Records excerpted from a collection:

---+---

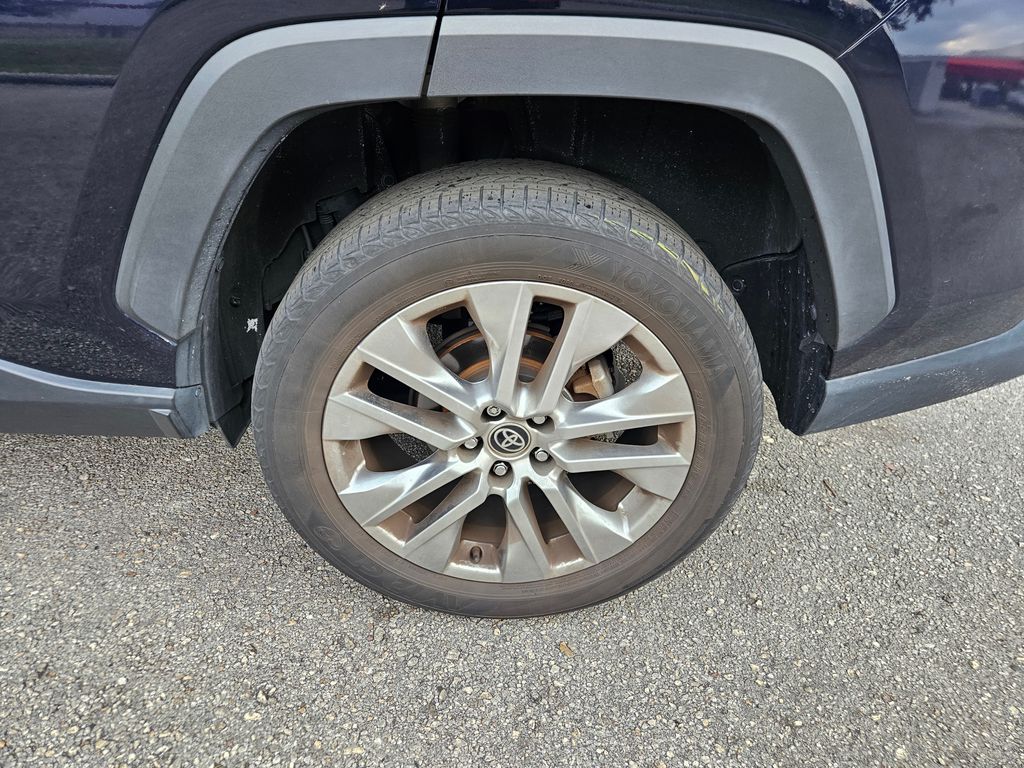 2022 Toyota RAV4 Limited 9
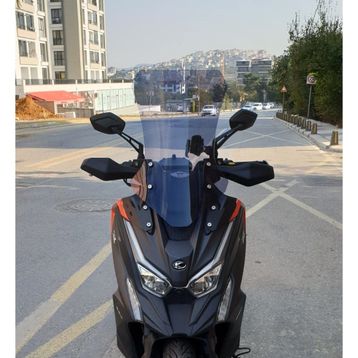 Motocam Kymco DTX 360 Ön Cam 2021-2026 Model 67 cm Füme Renkli 4 mm Uzun Motosiklet Rüzgarlık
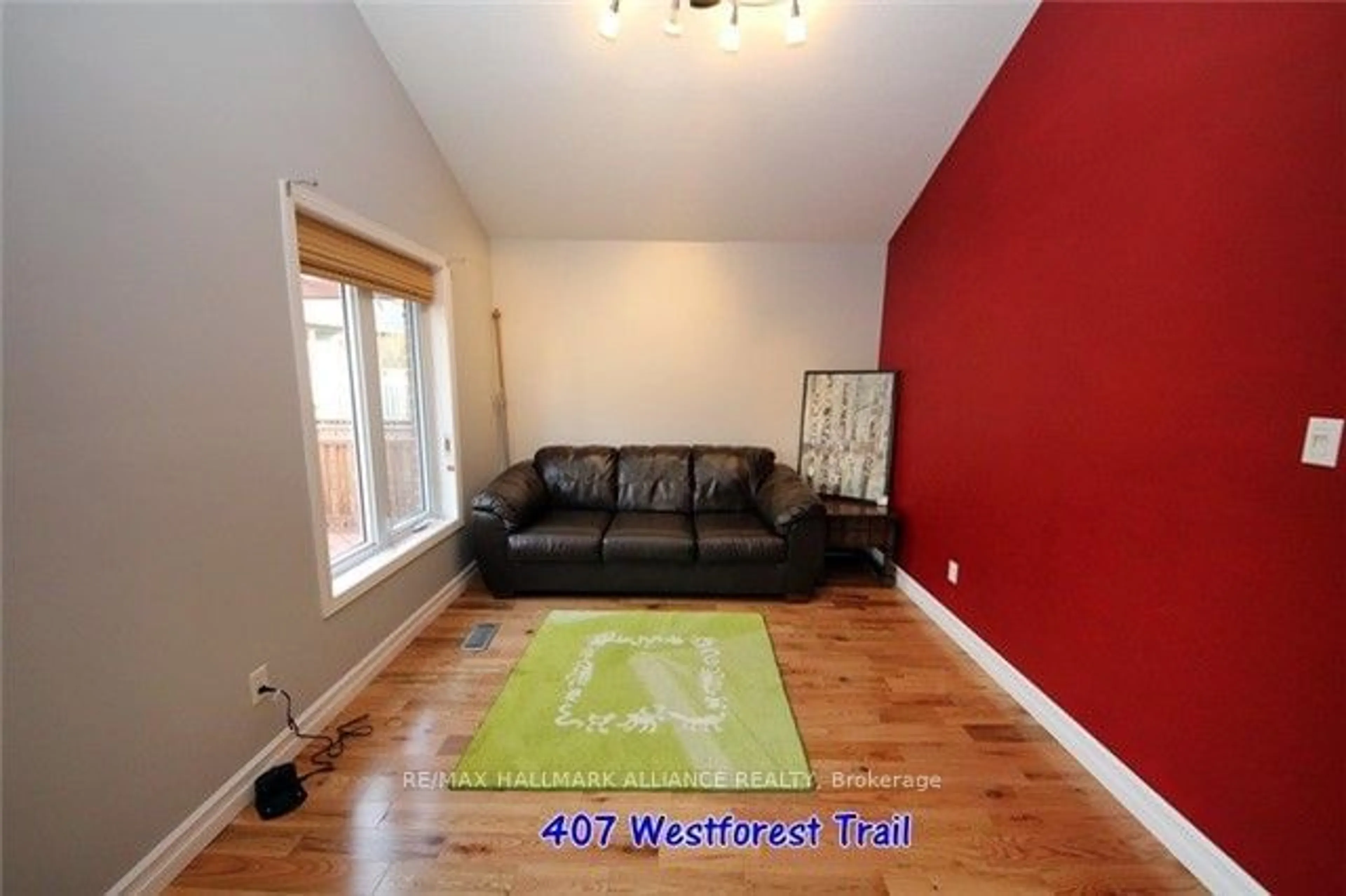 Media room, wood floors for 407 Westforest Tr, Kitchener Ontario N2N 3L8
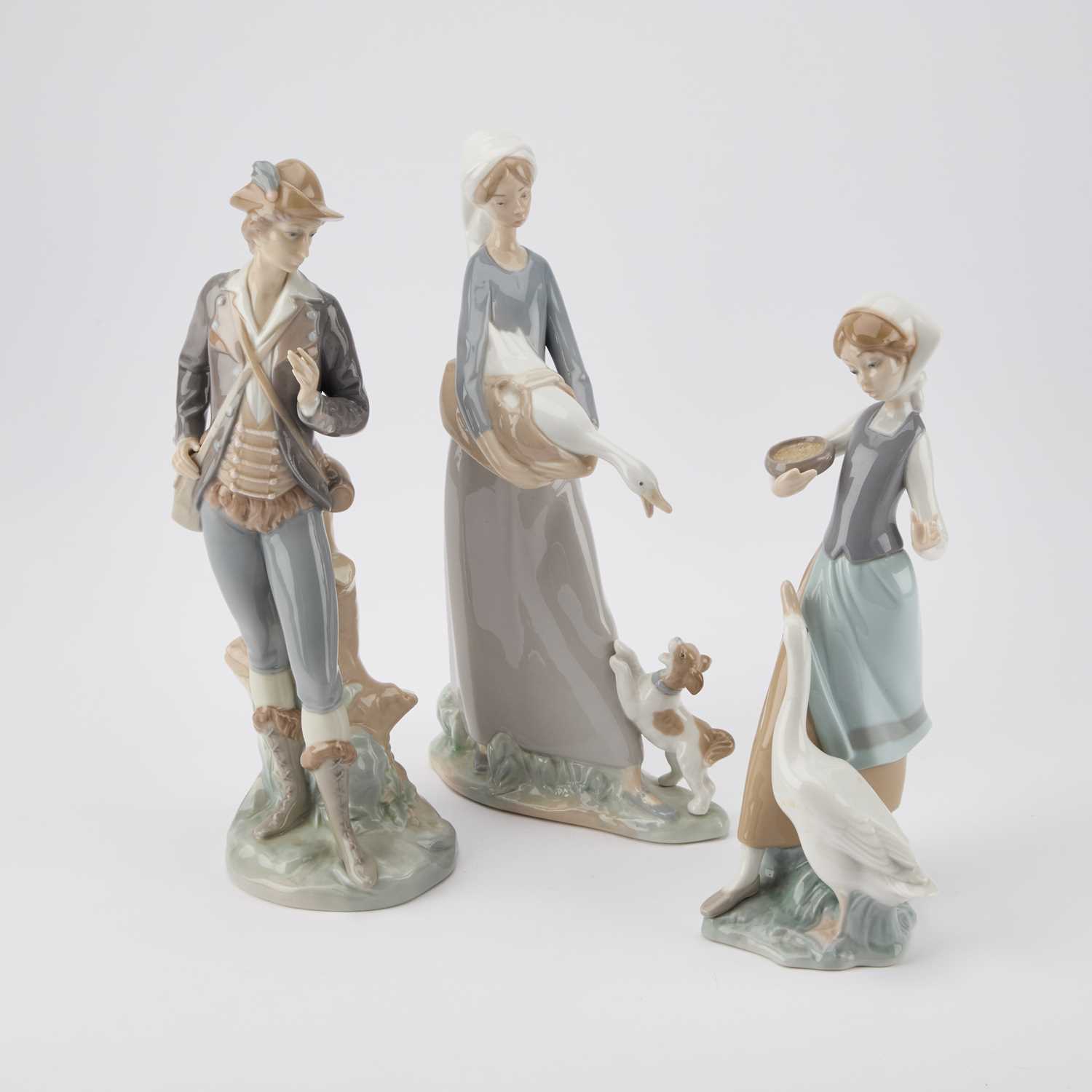 Lot 276 - THREE LLADRO FIGURES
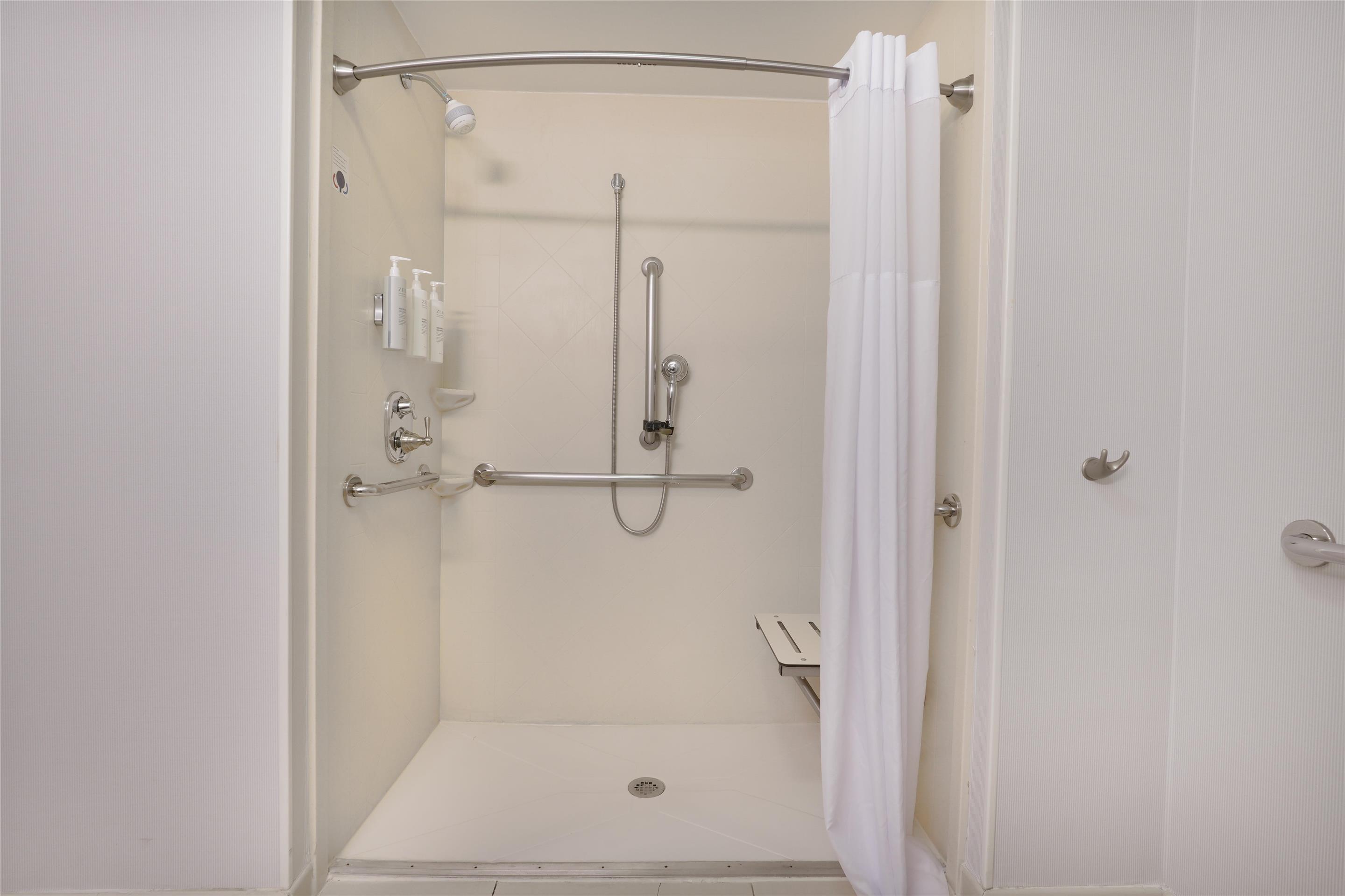 Guest room bath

---+---

▶ **YOUR INSTRUCTIONS**
Reproduce the entries above exactly, though not their pictures.

▶ **WRITTEN SOLUTION**
 2022 Toyota RAV4 Limited 9
 Motocam Kymco DTX 360 Ön Cam 2021-2026 Model 67 cm Füme Renkli 4 mm Uzun Motosiklet Rüzgarlık
 Media room, wood floors for 407 Westforest Tr, Kitchener Ontario N2N 3L8
 Lot 276 - THREE LLADRO FIGURES
 Guest room bath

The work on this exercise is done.